WHAT TO PRODUCE
Every line of the data should be written out exactly, with the pictures left out.
+++
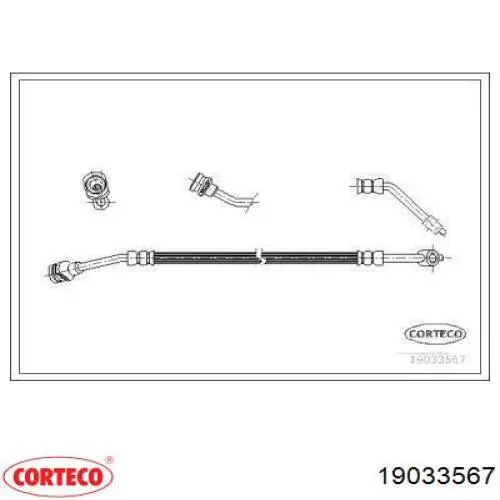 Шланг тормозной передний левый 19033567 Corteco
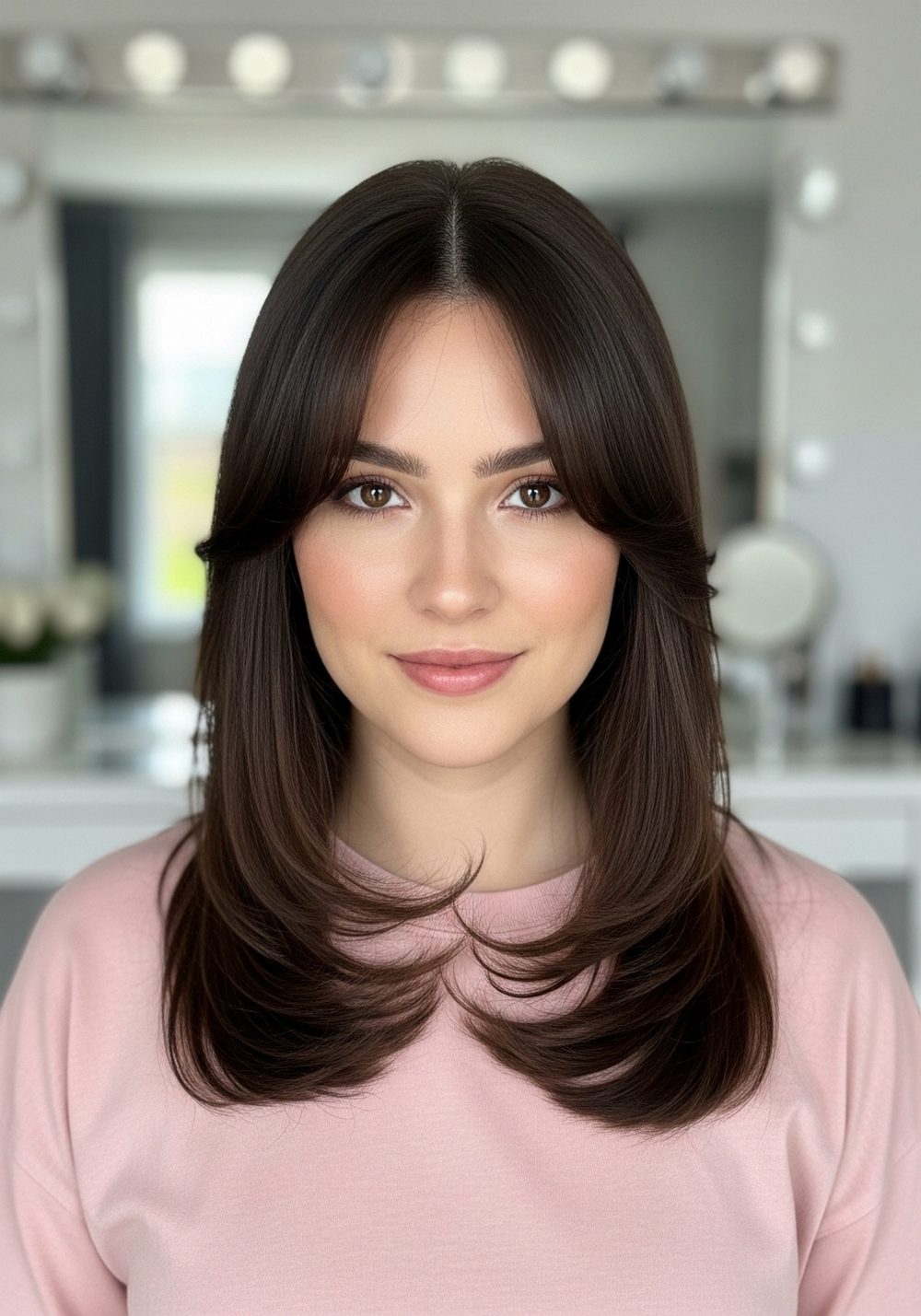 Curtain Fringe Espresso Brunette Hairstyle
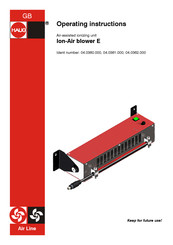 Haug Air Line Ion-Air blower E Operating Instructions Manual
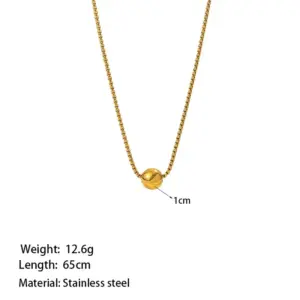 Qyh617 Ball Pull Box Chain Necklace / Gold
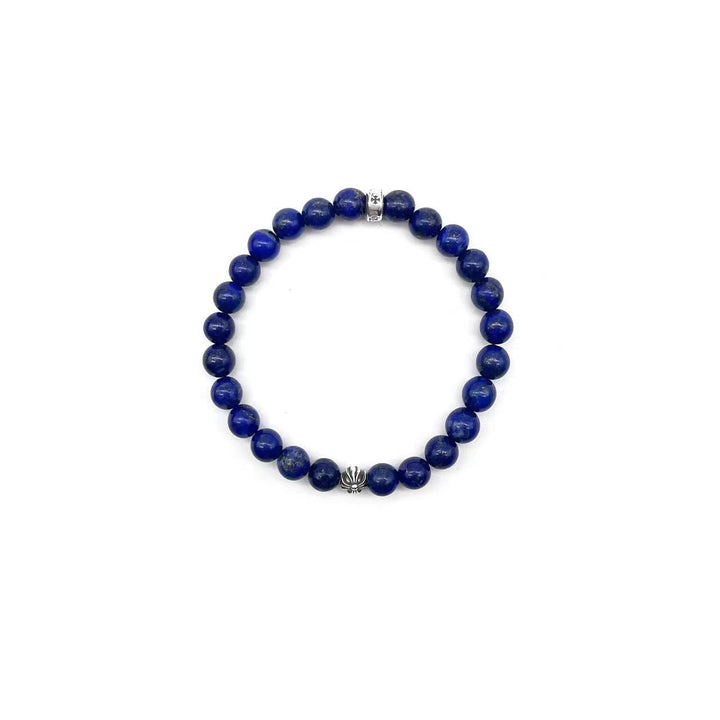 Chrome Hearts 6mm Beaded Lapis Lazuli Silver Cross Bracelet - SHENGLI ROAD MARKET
+++
EXPECTED OUTPUT
 Шланг тормозной передний левый 19033567 Corteco
 Curtain Fringe Espresso Brunette Hairstyle
 Haug Air Line Ion-Air blower E Operating Instructions Manual
 Qyh617 Ball Pull Box Chain Necklace / Gold
 Chrome Hearts 6mm Beaded Lapis Lazuli Silver Cross Bracelet - SHENGLI ROAD MARKET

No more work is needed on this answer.